I'm sorry to have to make this quite so viciously personal, but it seems to me that most of the moderation problems we have on this site are actually not procedural in nature, but to do with the personality of the moderator. Being a successful moderator requires a quite rare combination of attributes: you have to be patient, tolerant, altruistic, lacking in ego, consistent, logical, reasonable, and eager to broker satisfactory compromises. The reason we have a problem on here is that Samson, in particular, falls down on all 8 of those requirements. Whenever he starts getting heavy with thread-locking, I can't get the image of Eric Cartman out of my head. ("Respect mah authoritah!" - whack!) His attitude simply reeks of "you will do what I say because I am telling you to - that's all the reason you need", and he seems to lock threads not because there is anything objectionable about their content, but simply because he feels his authority (or his ego) is being challenged.

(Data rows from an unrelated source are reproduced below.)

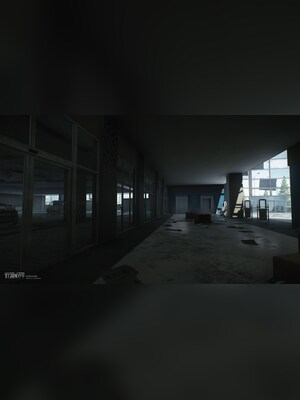 Acheter Escape from Tarkov Edge of Darkness Limited Edition Clé CD Comparateur Prix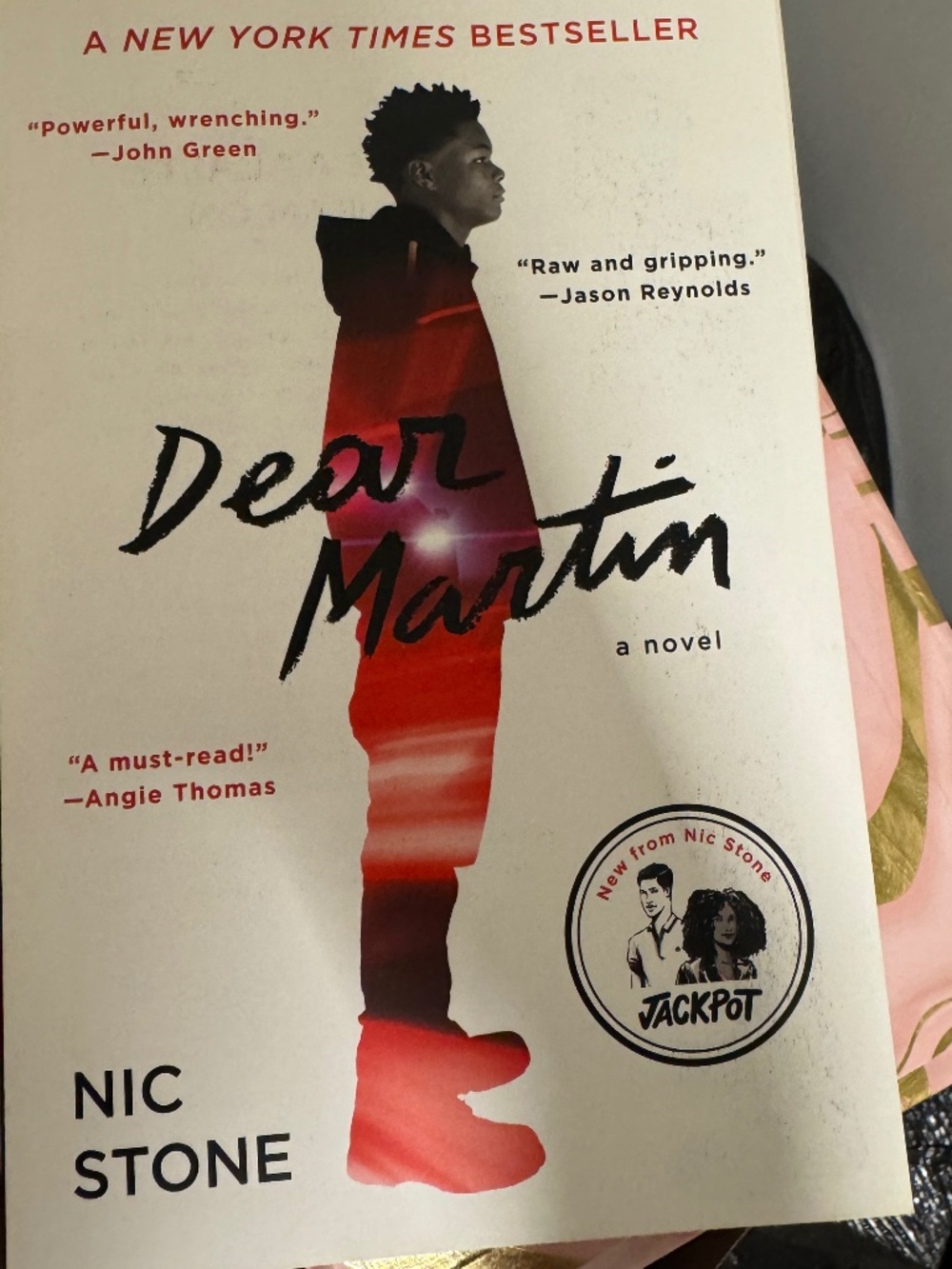 4 for $20 - Dear Martin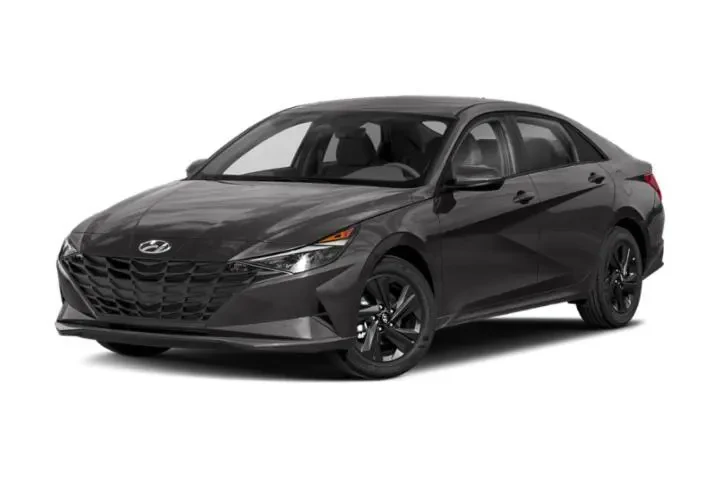 $17248 : Hyundai ELANTRA 2023 SEL 4dr image 1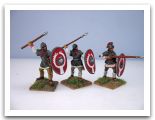 Roman Imperial  Roman Infantry MiniArt_007.JPG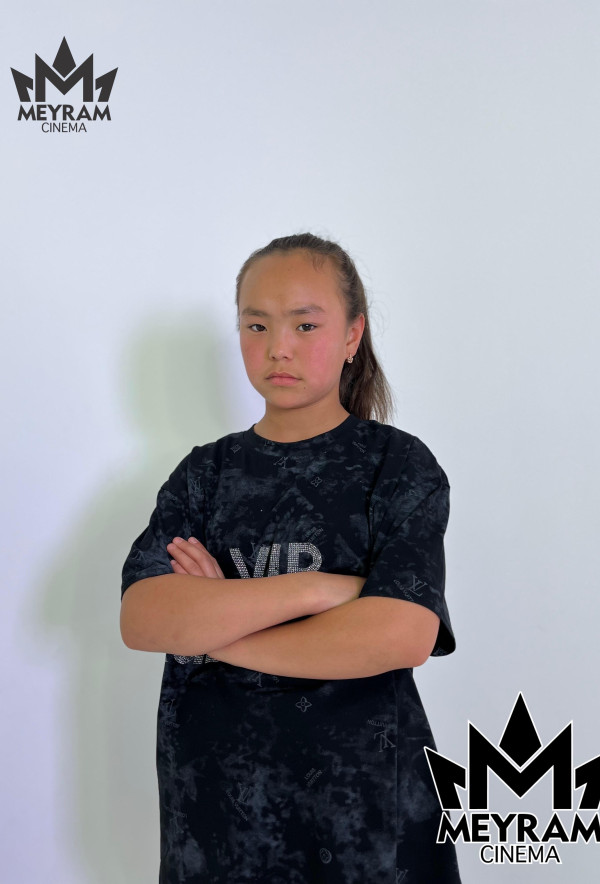 Жансезім Төлеп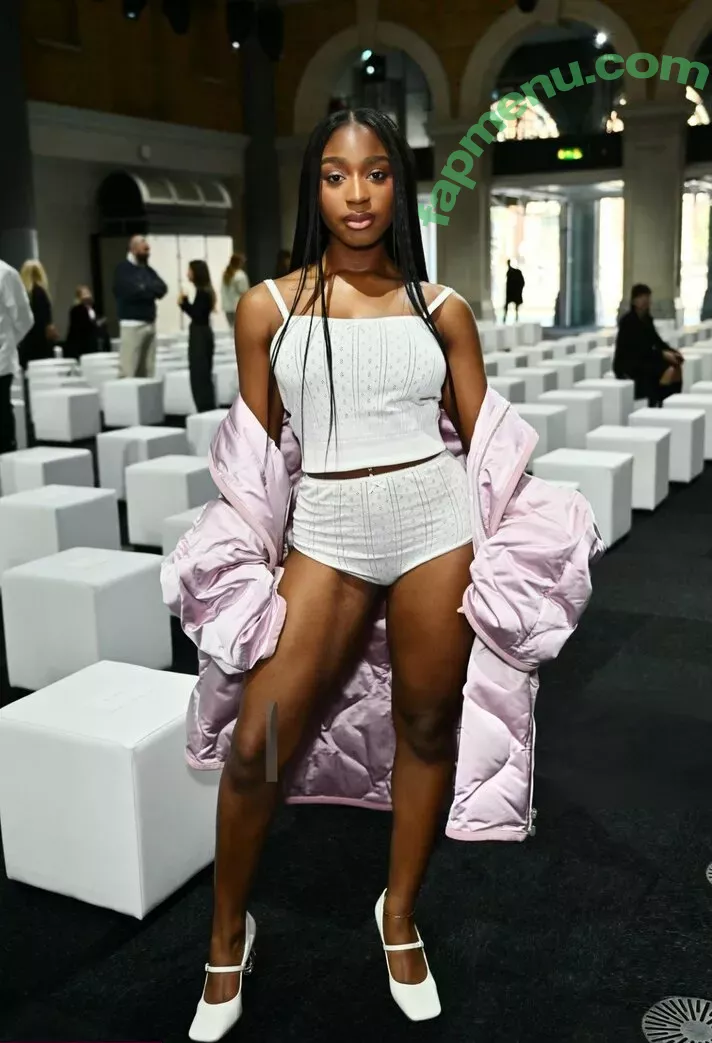 Normani Kordei nude photo #0123 (normani)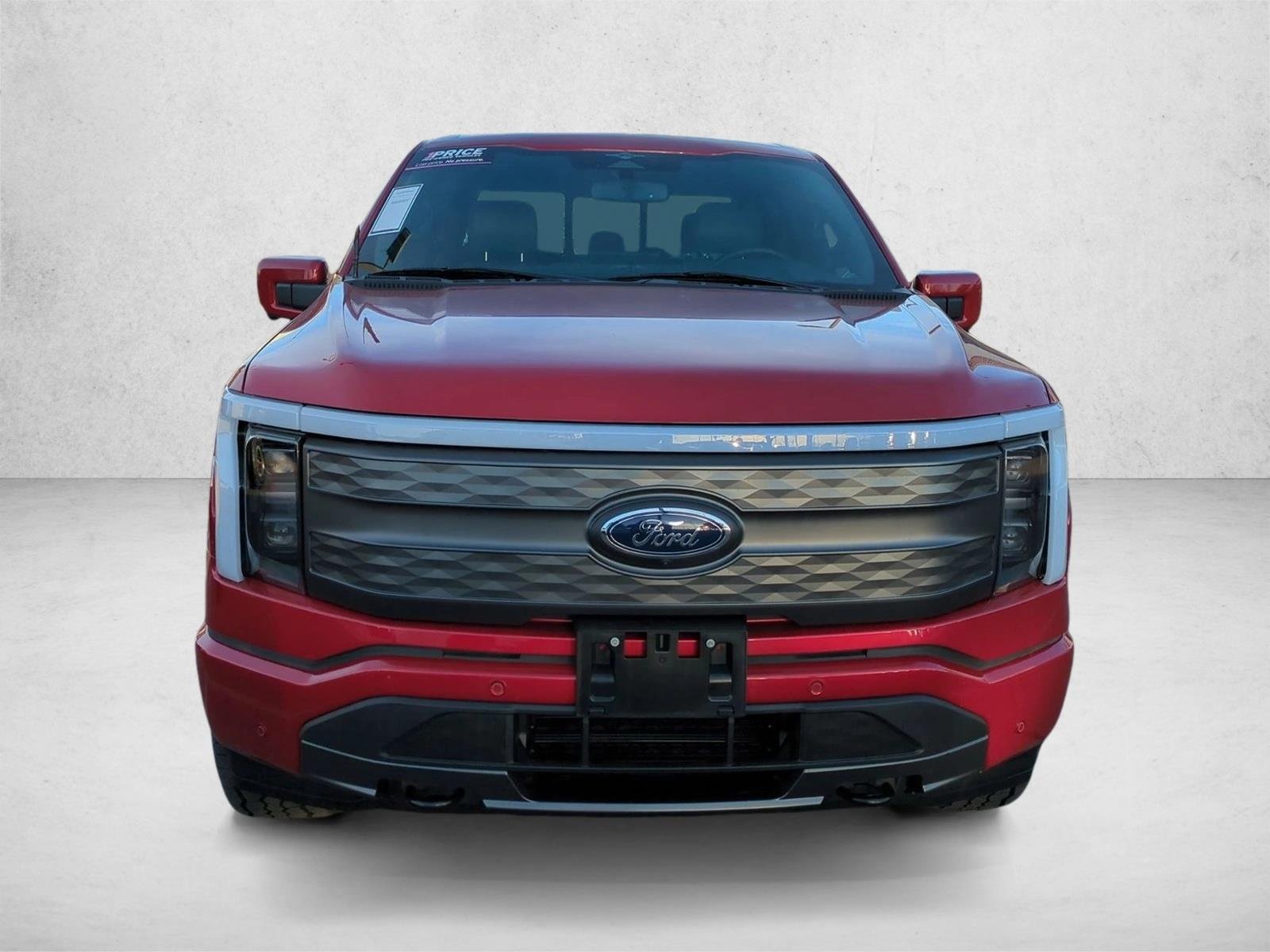 Used 2023 Ford F-150 Lightning Lariat with VIN 1FT6W1EV9PWG01112 for sale in Centennial, CO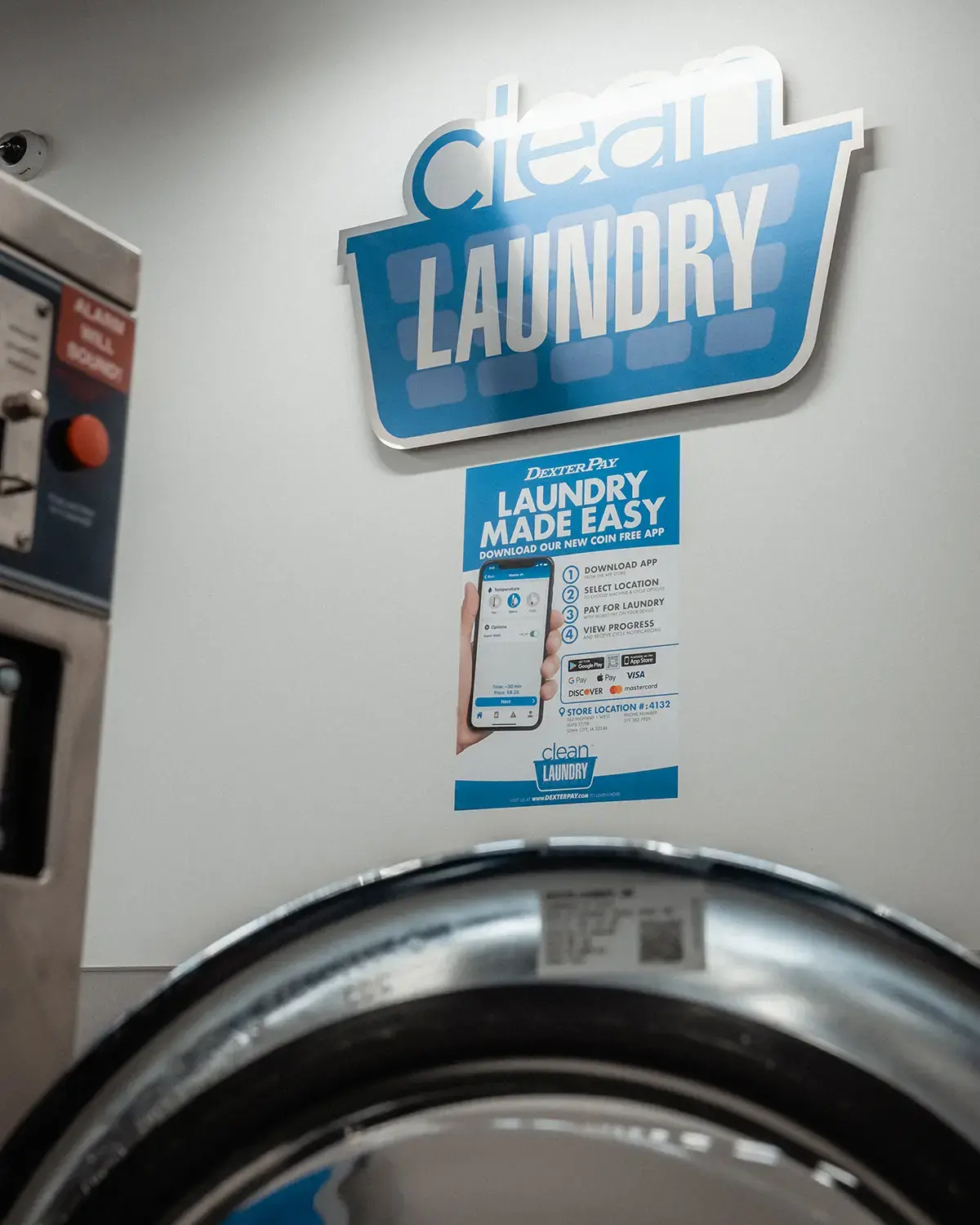Clean Laundry - Image 10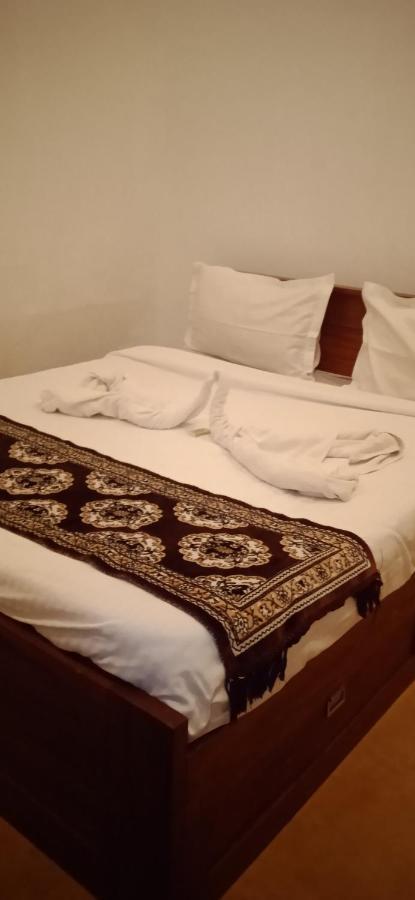פונדיצ'רי French Rivera Guest House מראה חיצוני תמונה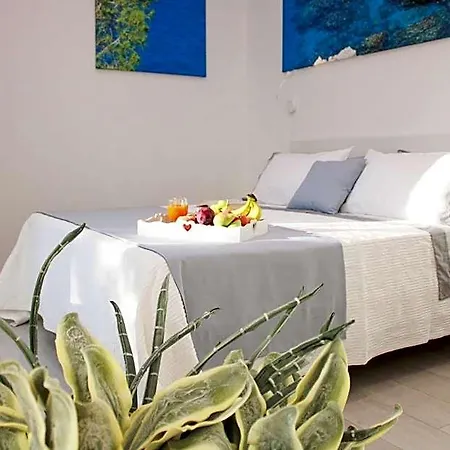 B&B La Casa Degli Amici 소렌토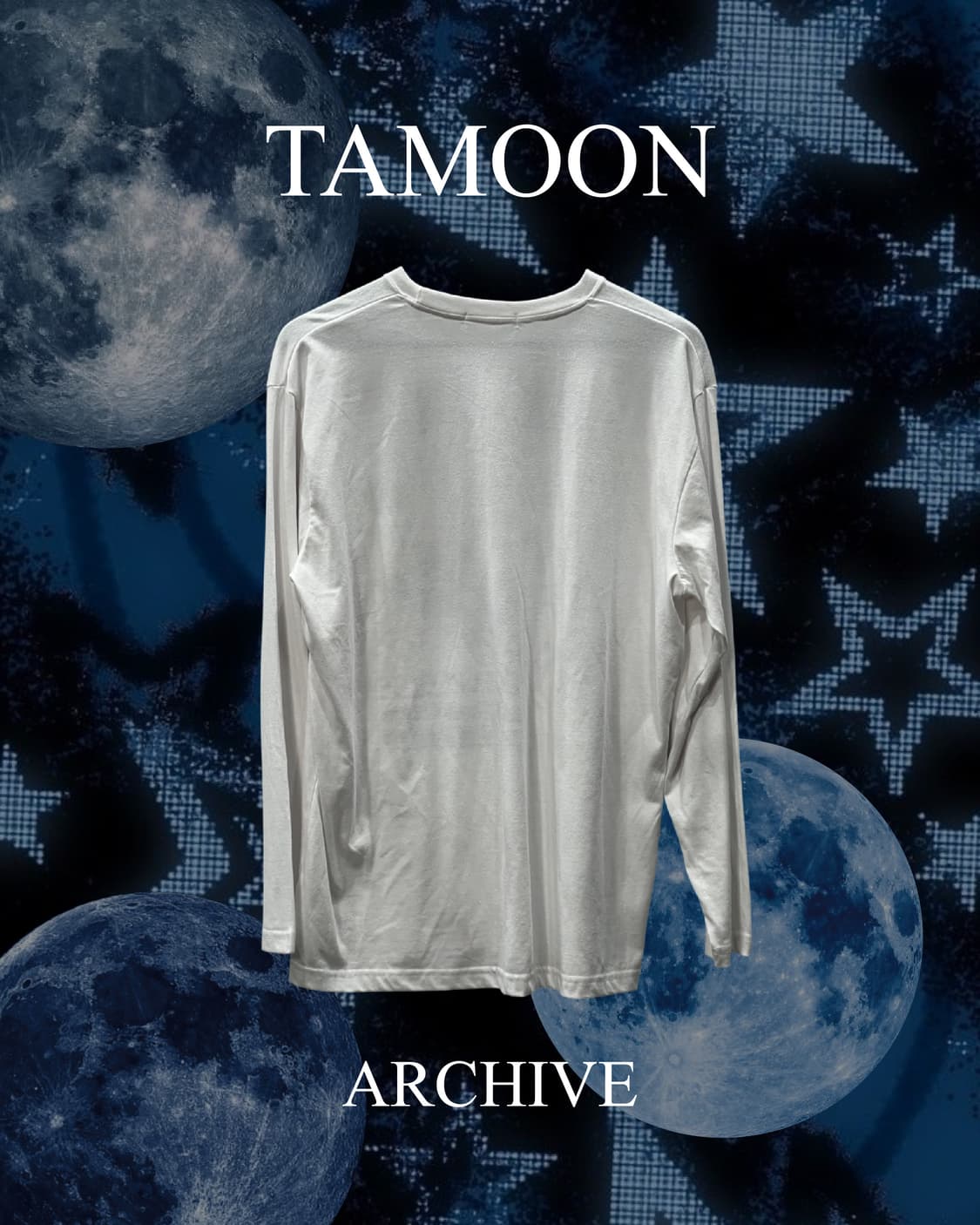 Doublefocus Long sleeve 상품이미지2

It's conceivable that Samson is actually a really pleasant, reasonable person; but, if so, he has enough of a PR problem (enough of a problem getting that across) that this, in itself makes him unsuitable for moderation duties and reflects badly on the site. So, in principle I don't particularly care whether moderation is done by moderators or admins; but in practice, any change which means Samson isn't a moderator any more has to be a major improvement.

As far as making moderation/disciplinary situations public, yes, I'm all in favour of that, if only because it will stop Cratylus from creating more threads on TMC complaining about the lack of transparency. On top of that, there is actually a useful principle at stake, which is: if there's nothing to hide, why are you trying to hide it? People are always going to be happier if they can see that the rules are being applied consistently and reasonably. Secrecy makes it look as if there is something sinister going on even when there isn't.